§ **What you are asked to do**: In the material below, the required lines run from the one containing "thumbnail image 1" through the one containing "Line Dance Lebensfreude". Copy those lines exactly, ends included, and nothing else.

§ **Data for this task**:
<<<<
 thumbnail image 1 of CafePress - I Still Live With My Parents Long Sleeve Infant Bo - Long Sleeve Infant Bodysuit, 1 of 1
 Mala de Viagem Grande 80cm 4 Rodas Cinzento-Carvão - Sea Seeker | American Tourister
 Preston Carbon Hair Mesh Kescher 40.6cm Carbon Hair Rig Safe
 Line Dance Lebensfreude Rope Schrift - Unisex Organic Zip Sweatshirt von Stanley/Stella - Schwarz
>>>>
<<<<
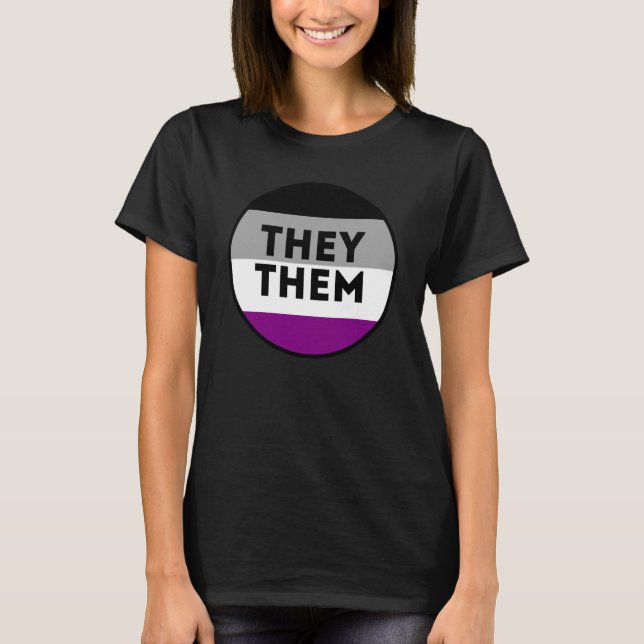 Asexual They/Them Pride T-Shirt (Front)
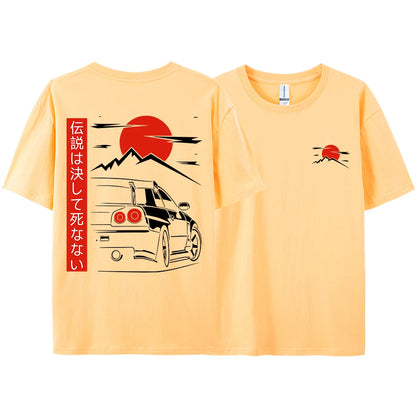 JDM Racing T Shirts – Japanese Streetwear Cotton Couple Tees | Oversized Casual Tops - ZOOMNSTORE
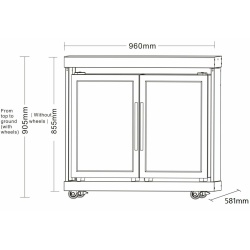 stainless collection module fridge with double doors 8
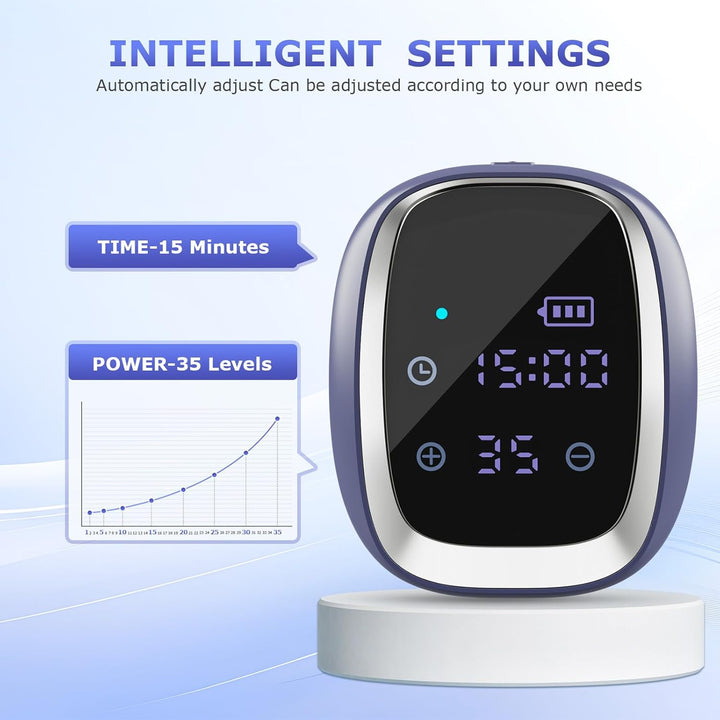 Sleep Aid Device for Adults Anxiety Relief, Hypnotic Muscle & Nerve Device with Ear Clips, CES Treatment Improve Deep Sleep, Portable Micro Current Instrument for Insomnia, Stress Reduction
>>>>
<<<<
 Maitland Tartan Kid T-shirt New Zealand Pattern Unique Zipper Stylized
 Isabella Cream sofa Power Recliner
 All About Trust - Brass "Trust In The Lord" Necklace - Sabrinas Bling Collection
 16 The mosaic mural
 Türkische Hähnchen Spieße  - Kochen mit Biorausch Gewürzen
>>>>
§ **Response**:
 thumbnail image 1 of CafePress - I Still Live With My Parents Long Sleeve Infant Bo - Long Sleeve Infant Bodysuit, 1 of 1
 Mala de Viagem Grande 80cm 4 Rodas Cinzento-Carvão - Sea Seeker | American Tourister
 Preston Carbon Hair Mesh Kescher 40.6cm Carbon Hair Rig Safe
 Line Dance Lebensfreude Rope Schrift - Unisex Organic Zip Sweatshirt von Stanley/Stella - Schwarz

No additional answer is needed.